20608
Internalizing Symptoms in Adults with ASD: Relation to ASD Symptomatology

Thursday, May 14, 2015: 11:30 AM-1:30 PM
Imperial Ballroom (Grand America Hotel)
J. L. Mussey1, M. R. Klinger2, S. P. Thomas2, P. S. Powell3 and L. G. Klinger1, (1)TEACCH Autism Program; Department of Psychiatry, University of North Carolina, Chapel Hill, NC, (2)Allied Health Sciences, University of North Carolina, Chapel Hill, NC, (3)University of North Carolina, Chapel Hill, NC
Background:  Studies of internalizing symptoms in autism spectrum disorder (ASD) estimate that approximately 40-45% of individuals with ASD have significant levels of anxiety and depression (Sterling et al., 2007; White et al., 2009). To assess internalizing symptoms, measures used in the general population or those being used with individuals with intellectual disability (ID) are being adapted or considered for use in ASD. However, given overlap of symptoms, it can be difficult to differentiate ASD and internalizing symptoms, raising the possibility of diagnostic overshadowing and challenging differential diagnosis. The wide range of functioning in ASD complicates measurement and screening of internalizing symptoms. 

Objectives:  The purpose of this study was to examine caregiver reported internalizing symptoms and how these symptoms relate to severity of ASD.  This study assessed a variety of internalizing problems in adults with ASD across a wide range of intellectual functioning and ASD symptom severity. 
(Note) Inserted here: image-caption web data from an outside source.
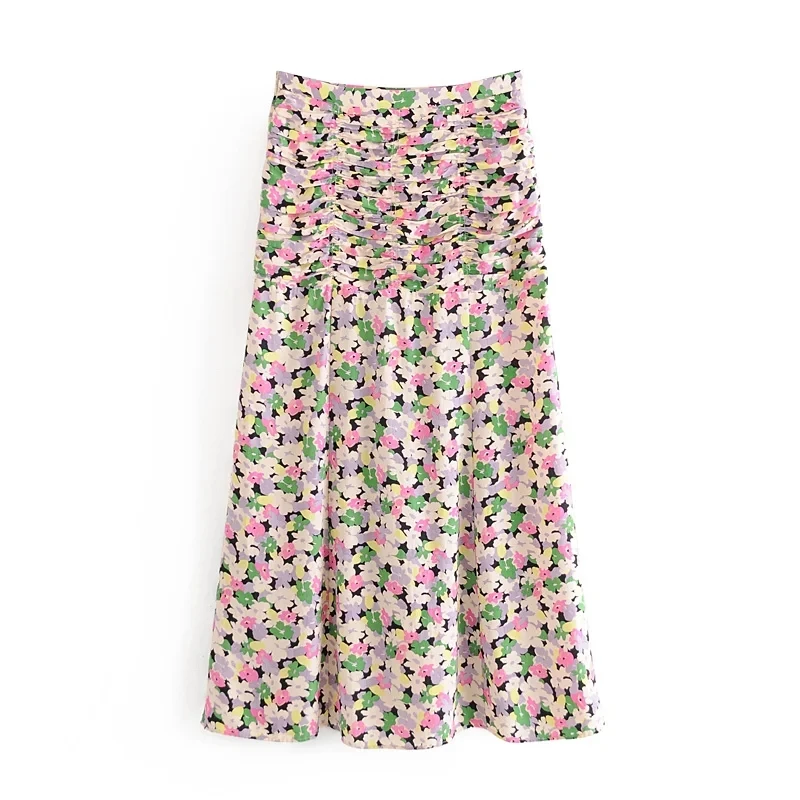 Женская винтажная юбка миди в английском стиле с цветочным принтом faldas mujer moda 2020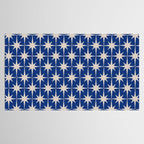 Mid-Century Modern Starburst Pattern in Stone and Blue Tablecloth Gallery Image 2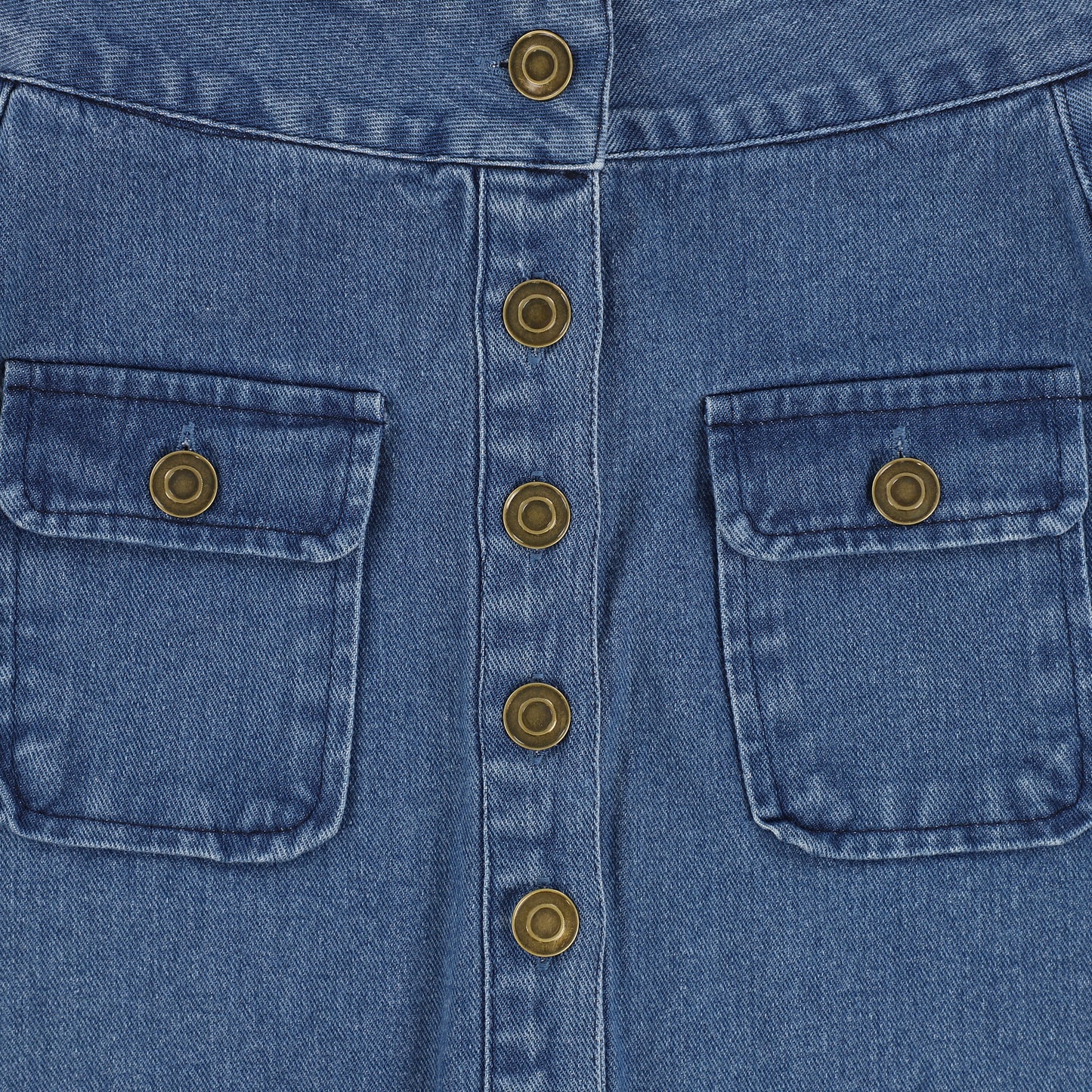 BAMBOO DENIM BUTTON DOWN POCKET A LINE SKIRT [Final Sale]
Methods:  Caregivers completed surveys about adults with ASD as part of a study on the long-term outcome and needs of individuals with ASD in mid-adulthood served as children by the University of North Carolina TEACCH Autism Program. Thus far, 81 caregivers have completed surveys. Adults with ASD had an average age of 33 years (range 20-64 years). The Social Responsiveness Scale, Second Edition (SRS-2; Constantino & Gruber, 2012) Adult (Relative/Other Report) and Waisman Activities of Daily Living Scale (W-ADL; Maenner et al., 2013) were completed in addition to a screening instrument for internalizing symptoms developed for use among individuals with ID, the Anxiety, Depression, and Mood Scale (ADAMS; Esbensen et al., 2003).

Results:  The SRS-2 total score was significantly positively correlated with all factors of the ADAMS although the strength of the correlation varied across factors. General Anxiety was significantly positively correlated with SRS-2 total, r = .35, p = .002, as was Depressed Mood, r = .23, p < .04, Social Avoidance, r = .62, p < .001, Compulsive Behavior, r = .49, p < .001, and Hyper/Manic Behavior, r = .51, p < .001. Better adaptive skills were significantly related to fewer internalizing symptoms and fewer ASD symptoms. When adaptive skills were controlled for, SRS-2 total and ADAMS factors of Social Avoidance, Compulsive Behavior, and Hyper/Manic Behavior remained significant; Generalized Anxiety and Depression were no longer related to SRS-2 total.

Conclusions:  Generally, internalizing symptoms on the ADAMS were related to increased ASD symptoms and fewer adaptive skills. However, these results do not necessarily suggest that those with more ASD symptomatology are at higher risk for comorbidity. Instead, some internalizing factors may be measuring symptoms of ASD. For instance, ASD symptoms were most highly correlated with Social Avoidance and Compulsive Behavior, which overlap with symptoms of ASD. However, Generalized Anxiety and Depression scores were weakly correlated with ASD symptoms and may be more indicative of comorbidity on this screener. These results suggest that increased focus on appropriate screening and measurement of comorbidity in adults with ASD deserves significant attention as it has important implications for treatment, community service needs, and quality of life.